IMHO, BatchNorm should happen after the data has been processed by the first layer. Having preprocessing by Normalization and immediately applying BatchNorm to the data would be somehow doubled.

This behavior would then also differ from the TensorFlow implementation where the data gets passed directly into the first linear layer: https://github.com/yzhao062/pyod/blob/master/pyod/models/auto_encoder.py#L172-L179

EDIT: I just noticed there is also a dropout layer after the last linear layer (and activation). This should IMHO also not be the case, as this would purposely set elements of the reconstructed sample (output) to zero. This also differs from the TensorFlow implementation. See https://github.com/yzhao062/pyod/blob/master/pyod/models/auto_encoder.py#L190-L191 Also the DropOut is applied before the batch norm which will definitely skew the result. The batch norm won't be able to learn a good normalization if dropout is randomly applied right before (and turned off for inference).

TL;DR

Currently the order is: Input->BatchNorm->Neurons->Activation->DropOut->BatchNorm->.... IMHO it should be: Input->Neurons->BatchNorm->Activation->DropOut->Neurons->....

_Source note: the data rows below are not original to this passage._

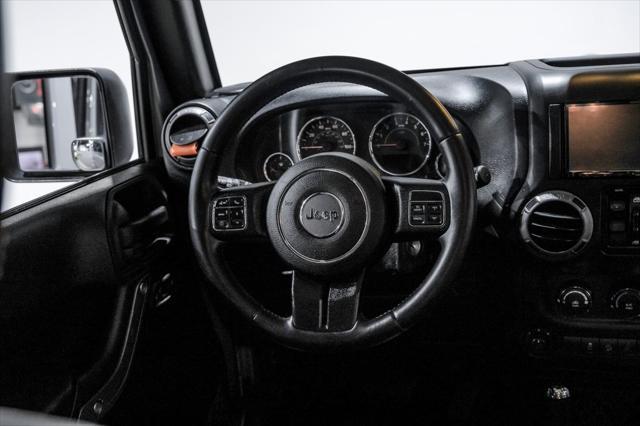 used 2015 Jeep Wrangler Unlimited car, priced at $24,777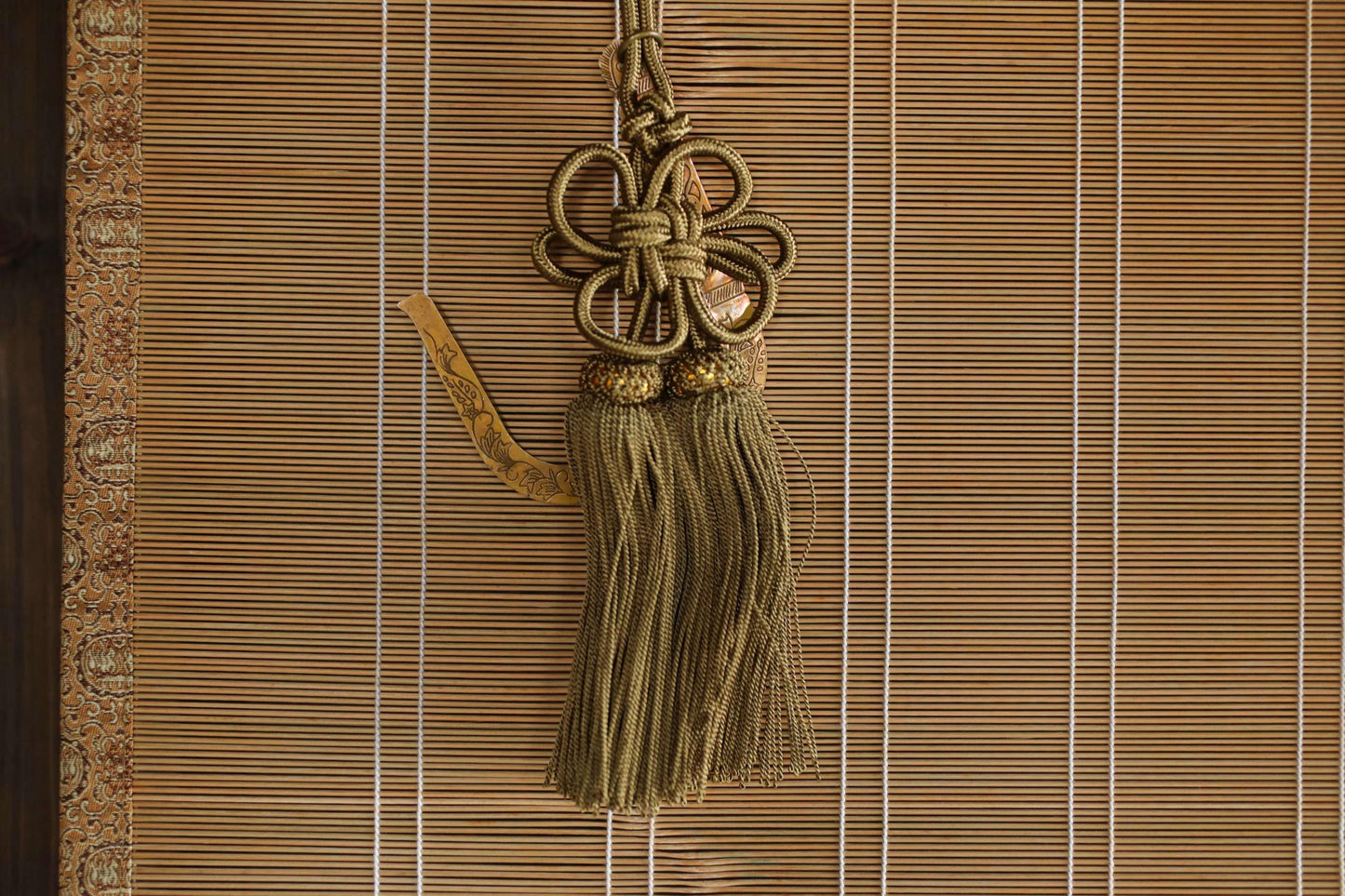 A decorative tassel hanging on a bamboo blind, featuring a floral design and gold accents.
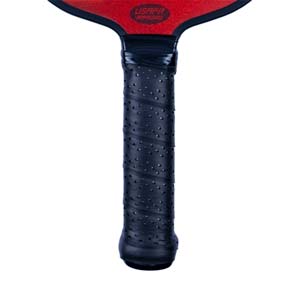 Close-up of a black pickleball paddle grip with a textured pattern and USAPA approved logo.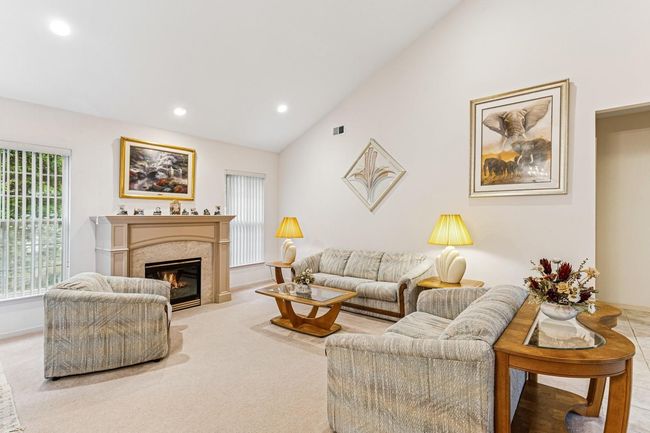 Living room featuring vaulted ceiling, a fireplace, baseboards, light colored carpet, and recessed lighting | Image 13
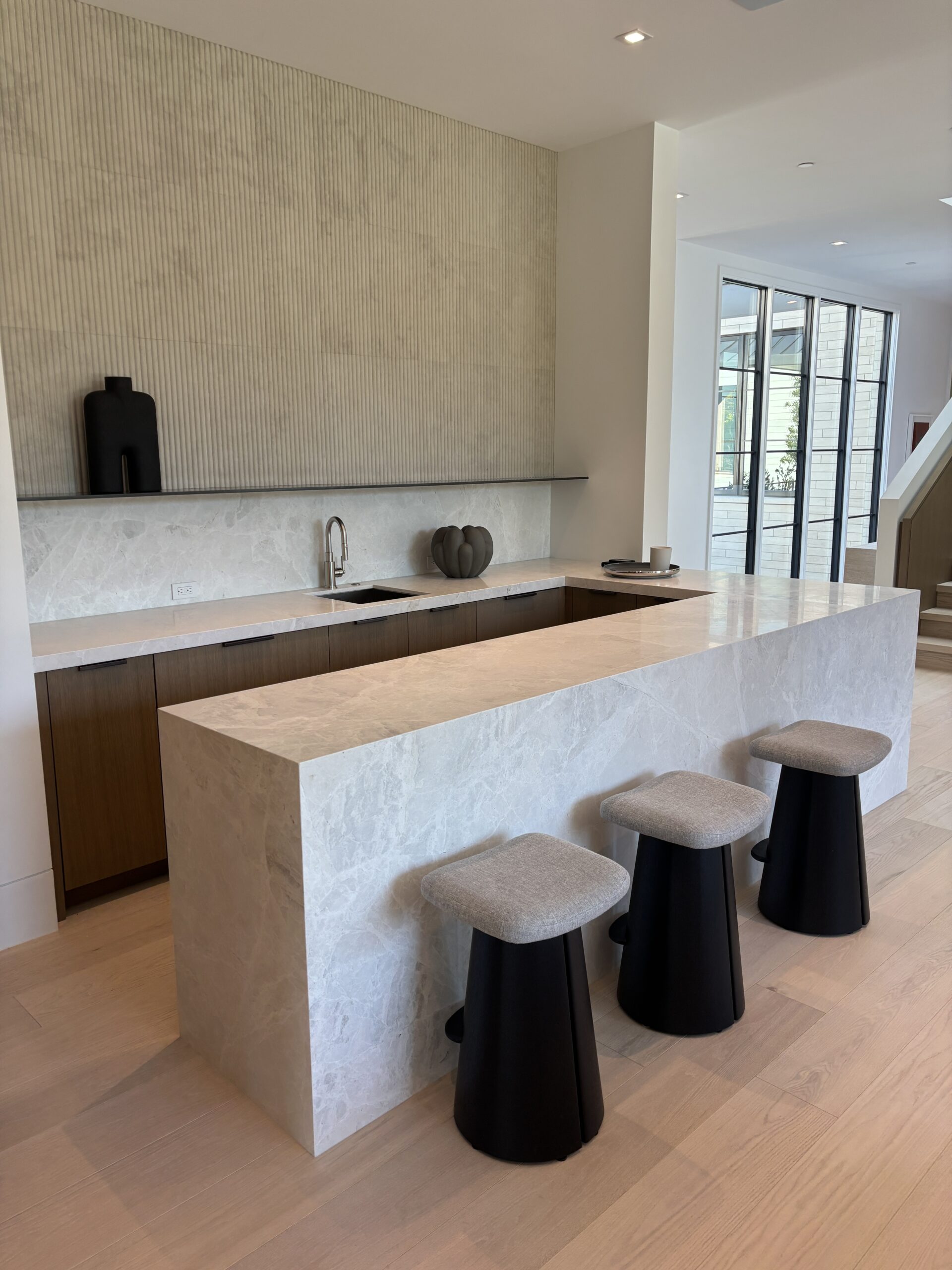 Architect, Designer & Builder: PPG | Materials: Dama Bianca & Creme Du Provence Fluted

I verified my suspicion by running the PyTorch AutoEncoder Example with print(cls) after Line 39.

The output was the following:

AutoEncoder(batch_norm=True, batch_size=32, contamination=0.1,
      device=device(type='cpu'), dropout_rate=0.2, epochs=10,
      hidden_activation='relu', hidden_neurons=[64, 32],
      learning_rate=0.001, loss_fn=MSELoss(), preprocessing=True,
      weight_decay=1e-05)
inner_autoencoder(
  (activation): ReLU()
  (encoder): Sequential(
    (batch_norm0): BatchNorm1d(300, eps=1e-05, momentum=0.1, affine=True, track_running_stats=True)
    (linear0): Linear(in_features=300, out_features=64, bias=True)
    (relu0): ReLU()
    (dropout0): Dropout(p=0.2, inplace=False)
    (batch_norm1): BatchNorm1d(64, eps=1e-05, momentum=0.1, affine=True, track_running_stats=True)
    (linear1): Linear(in_features=64, out_features=32, bias=True)
    (relu1): ReLU()
    (dropout1): Dropout(p=0.2, inplace=False)
  )
  (decoder): Sequential(
    (batch_norm0): BatchNorm1d(32, eps=1e-05, momentum=0.1, affine=True, track_running_stats=True)
    (linear0): Linear(in_features=32, out_features=64, bias=True)
    (dropout0): Dropout(p=0.2, inplace=False)
    (batch_norm1): BatchNorm1d(64, eps=1e-05, momentum=0.1, affine=True, track_running_stats=True)
    (linear1): Linear(in_features=64, out_features=300, bias=True)
    (dropout1): Dropout(p=0.2, inplace=False)
  )
)

There you can see that the first element in the sequential of the encoder is a BatchNorm. A Pullrequest resolving this issue is on the way. Thanks for reading! (EDIT: See Pullrequest #435 )

If you are annoyed by my fine-grained Pullrequests or issues, please let me know. I don't want to cause any extra work.